Marta Kaczyńska żąda międzynarodowego śledztwa!
Czy kiedykolwiek uda się uczciwie wyjaśnić okoliczności tragedii smoleńskiej?! Raczej nie w Polsce. W rozwikłanie zagadki śmierci swoich rodziców wyłącznie przez polskich śledczych nie wierzy już Marta Kaczyńska (32 l.). Zbyt dużo było w tej sprawie nieścisłości, pomyłek oraz celowych kłamstw i dezinformacji. - Konieczne jest zwrócenie się przez polski rząd o pomoc do instytucji międzynarodowych - apeluje Kaczyńska za pośrednictwem Faktu. - Dotychczasowe oficjalne ustalenia odnośnie przyczyn śmierci pary prezydenckiej oraz znacznej części polskiej elity politycznej były nieprawdziwe - przypomina.
Przełomem stały się w ostatnich dniach ekspertyzy krakowskich specjalistów, którzy dokładnie odtworzyli rozmowy w kabinie pilotów. – Jestem bardzo wdzięczna ekspertom z Instytutu Sehna za dokonanie skrupulatnej analizy nagrań z kokpitu Tu154M. Uważam, że osoby te wykazały się nie tylko profesjonalizmem, ale także ogromną odwagą – dziękuje w rozmowie z Faktem Marta Kaczyńska.

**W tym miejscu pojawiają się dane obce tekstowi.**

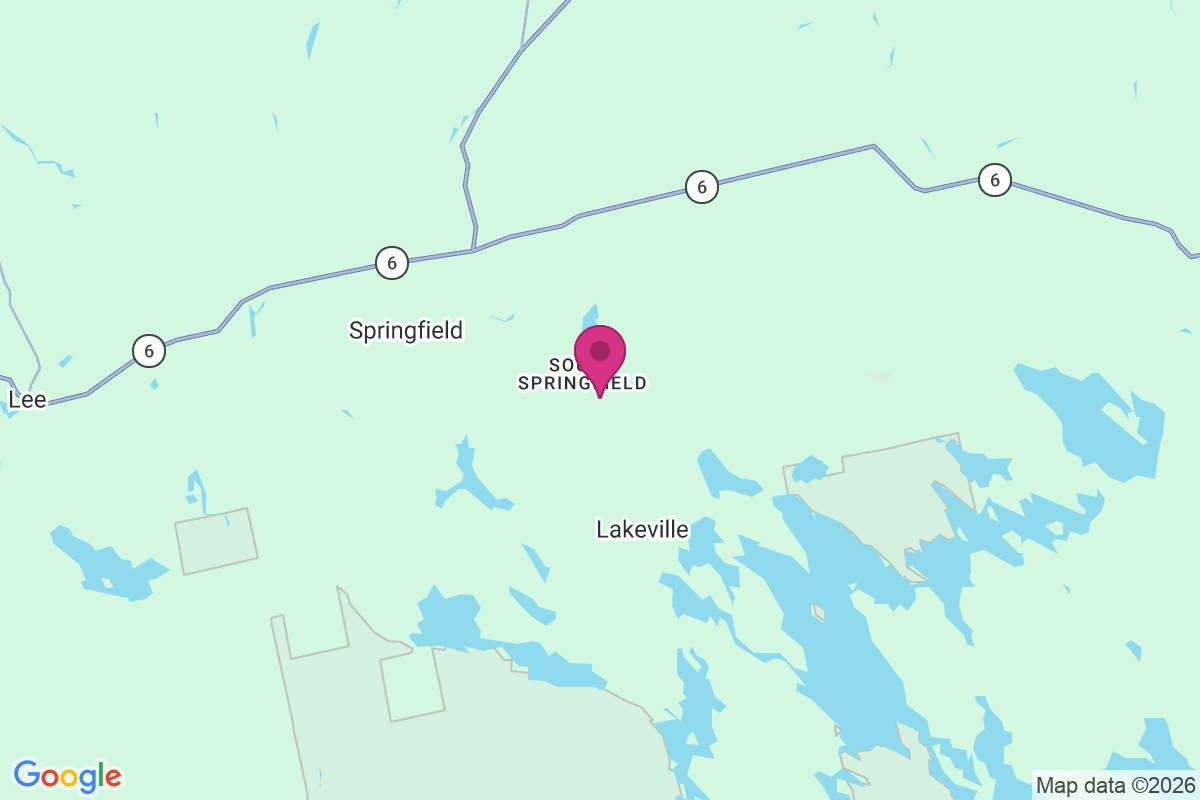 South Springfield map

Jedno nagranie, trzy odczyty
Dzięki pracy specjalistów z Krakowa padła wersja o naciskach na pilotów, jakie miał wywierać szef lotnictwa Andrzej Błasik (†48 l.) Zapis rozmów w kokpicie zaprzecza też tezie o błędzie pilotów, którzy – zdaniem rządowej komisji ministra Millera – pomylili wysokościomierze. Prawidłową wysokość maszyny podawał drugi pilot Robert Grzywna (†36 l.), a nie generał Błasik, któremu komisja Millera przypisała słowa Grzywny i twierdziła, że załoga – mając słuchawki na uszach – nie słyszała Błasika.
– Ujawnienie informacji o tym, że na nagraniu czarnych skrzynek nie zapisano głosu śp. generała Andrzeja Błasika obala rozpowszechnianą przez znaczą część mediów kłamliwą tezę MAK, Edmunda Klicha oraz komisji Jerzego Millera, obciążającą winą za katastrofę smoleńską polskich pilotów – zwraca uwagę Marta Kaczyńska.
Dopiero wczoraj Jerzy Miller (60 l.) przyznał, że jego komisja przypisała słowa pilota generałowi Błasikowi nie na podstawie opinii ekspertów, a tylko z „kontekstu” zdarzeń.
Kaczyńska: Proszę o zaangażowanie
– Mam nadzieję, że dokonania ekspertów z Instytutu Sehna zaowocują jeszcze większą determinacją w dochodzeniu do prawdy o przyczynach katastrofy – nie traci nadziei Kaczyńska. Sama walczy o rzetelne wyjaśnienie przebiegu tragedii, ale – jej zdaniem – powinny się w to włączyć instytucje międzynarodowe. Już w grudniu zeszłego roku prosiła w Brukseli o wsparcie Unii Europejskiej. Teraz zwraca się do polskiego rządu, by wystąpił o międzynarodowe śledztwo. – Uważam, że wobec ujawnionych uprzednio licznych zaniechań i przekłamań związanych z wyjaśnieniem przyczyn katastrofy smoleńskiej tym bardziej konieczne jest zwrócenie się przez polski rząd o pomoc do instytucji międzynarodowych – żąda Marta Kaczyńska.